Moreover, 65% of ARCC’s portfolio consists of senior secured loans. As shown below, the portfolio is comprised largely of defensive and growing industries such as software, healthcare, and professional and insurance services, and low exposure to cyclical industries such as oil and gas.
Meanwhile, ARCC continues to demonstrate solid results, generating Core EPS of $0.63 during the fourth quarter, which is well in excess of its $0.48 regular quarterly dividend. Investments on non-accrual remain low, at just 0.5% of portfolio fair value, and the weighted average portfolio grade was at 3.2 (on a scale from 1 to 4, with 4 being the lowest risk), comparing favorably to the 3.1 grade at the end of 2021.
Importantly, ARCC’s balance sheet is in good shape, with a debt to equity ratio of 1.26x, sitting well below the 2.0x statutory limit. This gives ARCC plenty of balance sheet flexibility to handle potential for economic uncertainty, as noted by management during the recent conference call:
We do have an expectation that a slower U.S. economy and the higher rate environment will create more stress in the portfolio, and we’re focused on getting ahead of it as we have in past economic and market cycles.

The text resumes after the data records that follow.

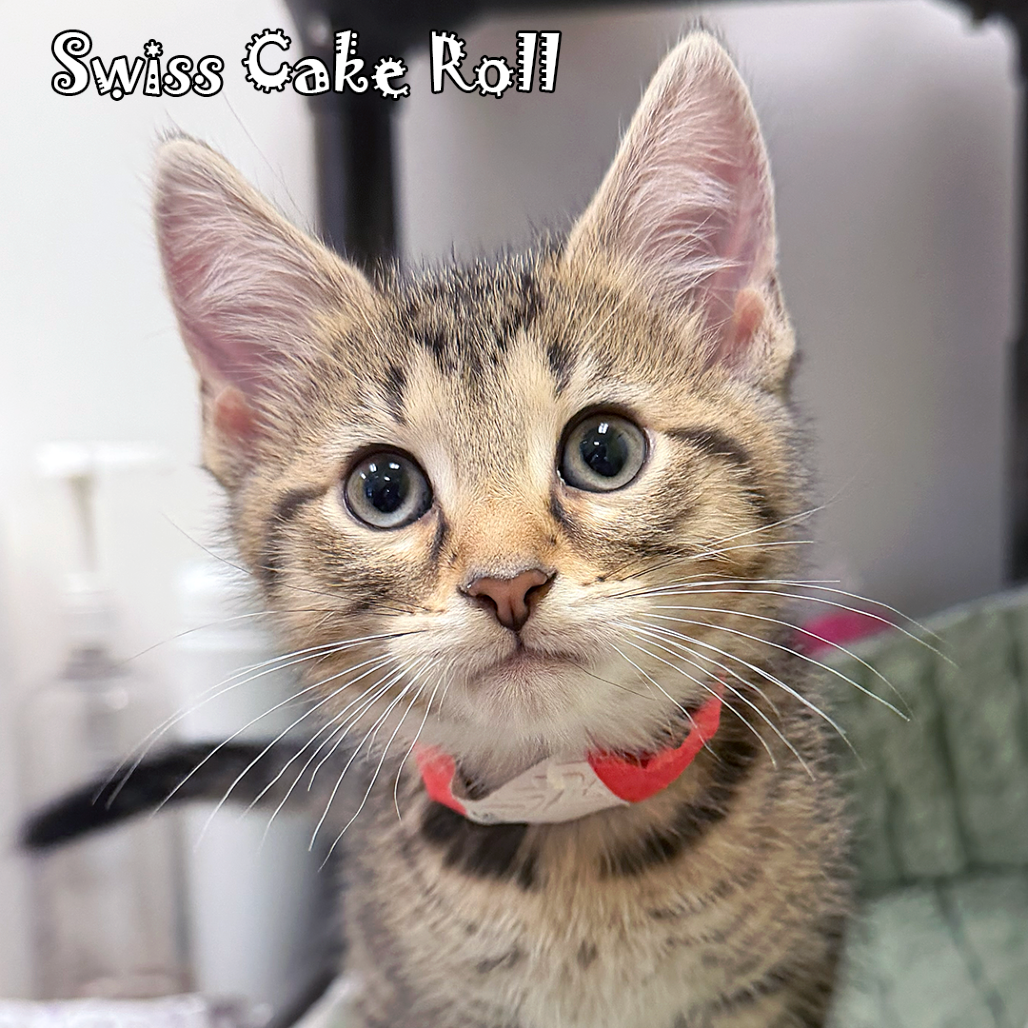 Swiss Cake Roll, an adoptable cat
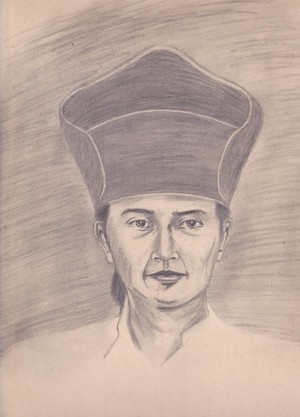 nano sunar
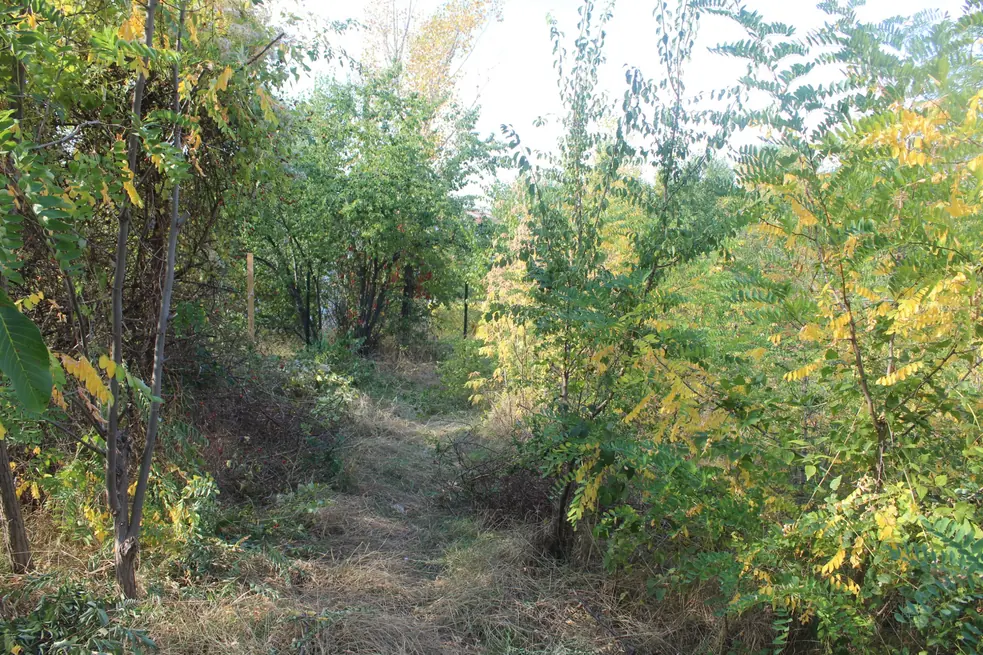stavebny-pozemok-590-m2-senec-03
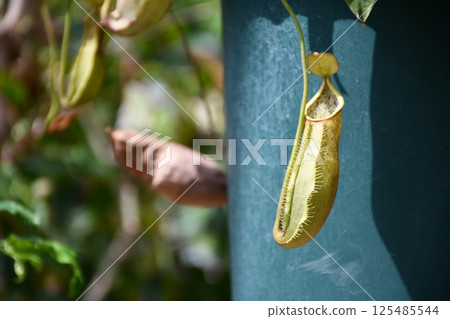 A pitcher plant waiting for its meal A pitcher plant waiting for its meal 125485544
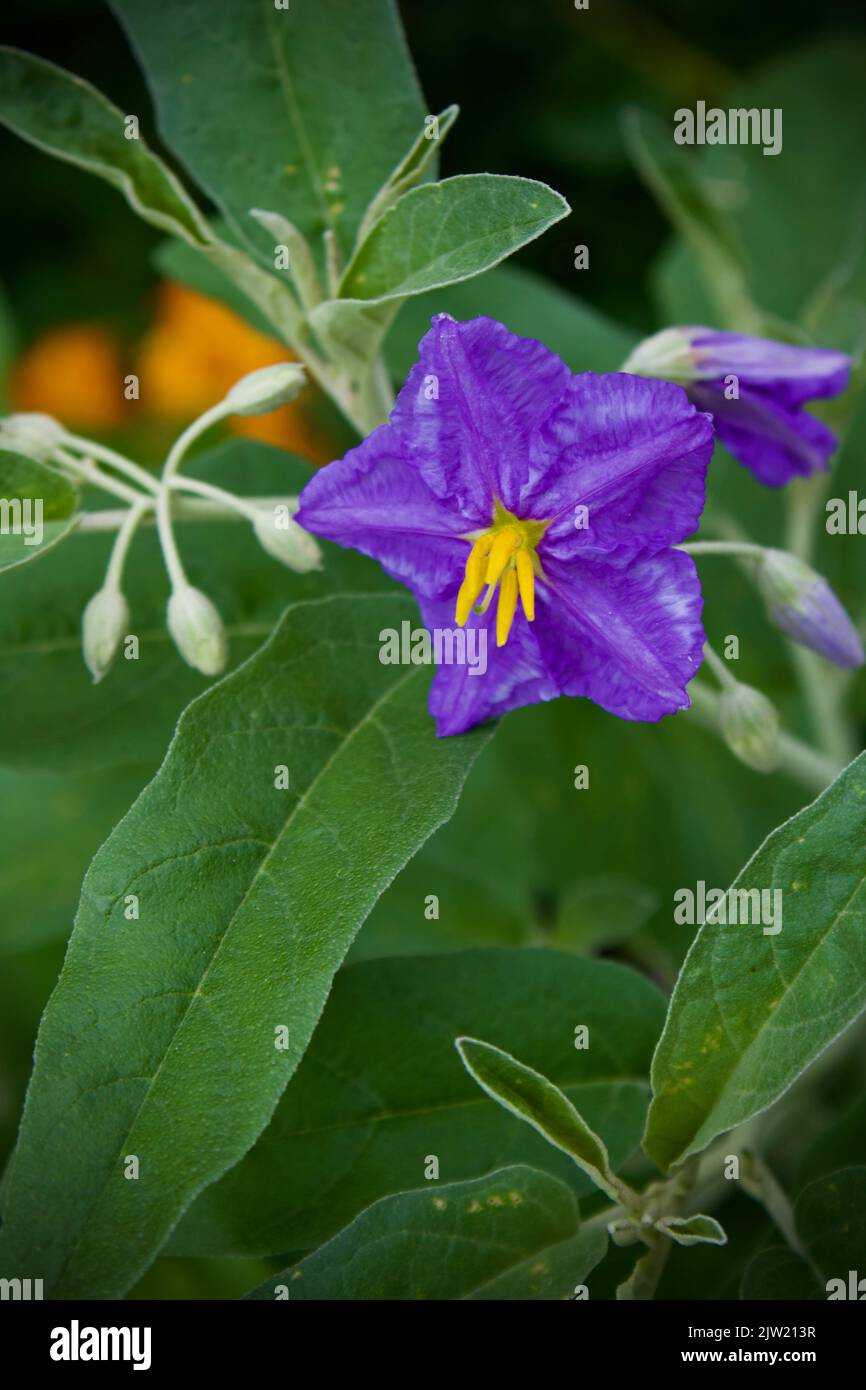 purple nightshade bloom Stock Photo Alamy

Led by partners with an average of over 15 years tenure at Ares, we believe we have the largest and most experienced portfolio management team when compared with other direct lenders. And this team works in collaboration with our core investment teams to actively monitor and engage with our borrowers and sponsors.
Our goal is to identify problems early and develop strategies to maximize our outcomes in companies that are underperforming to plan or having more difficulty in the higher interest rate environment.
Lastly, I see value in ARCC at the current price of $19.61 with a price-to-book ratio of 1.07x. As shown below, this sits at around the middle of ARCC’s normal valuation outside of the 2020 period. Analysts have a Strong Buy rating with an average price target of $21.13, implying a 1.15x price-to-book multiple and a potential 18% one-year total return over the next 12 months.
Investor Takeaway
Income investors seeking blue chip quality ought to consider VICI Properties and Ares Capital. Each pick is diversified from one another and offer the combination of scale, reputation, and high quality assets. Both carry Strong Buy ratings from the analyst community and offer a combined average 7.2% yield, which may fulfill the income needs for many investors.